> **What is needed**
Your task is to write out the entire listing exactly, omitting its pictures.

> **Data section**
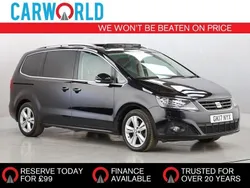Black Used 2017 Seat Alhambra SE MPV | £12,400 (Fair price)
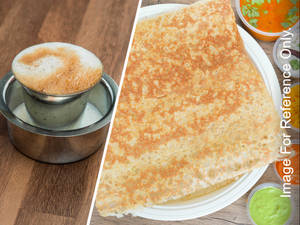 Rava Masala Dosa + Coffee
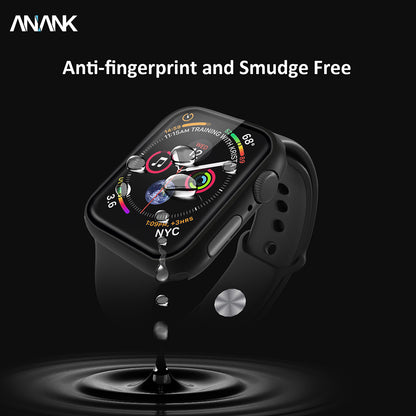 Etui Anank Screen Guard do Apple Watch Series 7 41mm, czarne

> **Response below**
Black Used 2017 Seat Alhambra SE MPV | £12,400 (Fair price)
 Rava Masala Dosa + Coffee
 Etui Anank Screen Guard do Apple Watch Series 7 41mm, czarne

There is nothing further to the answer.